After a stroll through the 798 Art Zone with NKL (see previous post), he took me to the Art Museum of the Central Academy of Fine Arts (中央美術學院; CAFA) in Beijing. CAFA is an art academy managed by the Ministry of Education of China. It is considered one of the most selective schools in the country.

The CAFA Art Museum, designed by Japanese architect Arata Isozaki (磯崎 新), is located at the northeast corner of CAFA campus. The Museum opened in October 2008, for the University’s 90th anniversary.  So this year is the University’s centenary anniversary.

The school drew media attention during the Tiananmen Square protests of 1989, during which the students protested by creating a large statue, called the Goddess of Democracy.

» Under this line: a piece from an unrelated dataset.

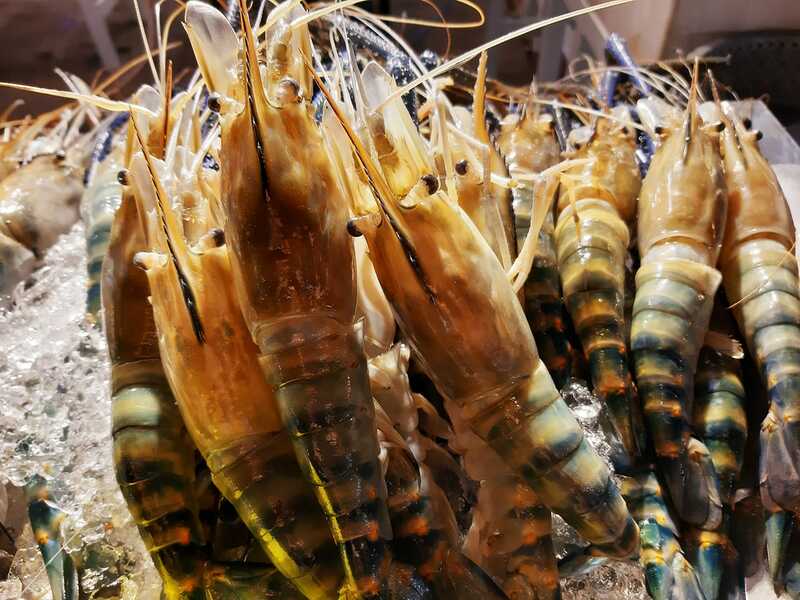 ตลาดสายใต้เซ็นเตอร์ ของกิน :: ตลาดนัดยามค่ำคืน เอาใจสายกิน สายช็อปโดยเฉาะ มาพร้อมเมนูเด็ดมากมาย ไม่ควรพลาด!!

NKL took me to see the special exhibit on the works by Xu Beihong (徐悲鴻; 1895 – 1953) who is the first president of CAFA and a painter.

Self portrait oil painting 1924

He was well known for his traditional Chinese ink drawings of horses.

Traditional caligraphy. I am no connoisseur. No masterpiece here.

He was also regarded as one of the first to create monumental oil paintings with epic Chinese themes – a show of his high proficiency in an essential Western art technique. These oil paintings are so strange as we are all used to seeing Western faces, green eyes and blonde hair.

In 1919, Xu studied overseas in Paris at the École Nationale Supérieure des Beaux-Arts, where he studied oil painting and drawing. Notice he signed this drawing in French: Péon 1924.

Xu constantly pushed the boundaries of visual art with new techniques and international aesthetics, in bid to reinvent Chinese art.

Charcoal.

1940 portrait made in Singapore

Between 1939 and 1941, he held solo exhibitions in Singapore, India and Malaya (Penang, Kuala Lumpur and Ipoh) to help raise funds for the war relief effort in China.

There were quite a lot of people on that day since it was raining outside.

There was a mock up of his study. He was a pioneer and a patriot.

It is really an interesting show about a painter that played an important role in the development of Chinese modern art.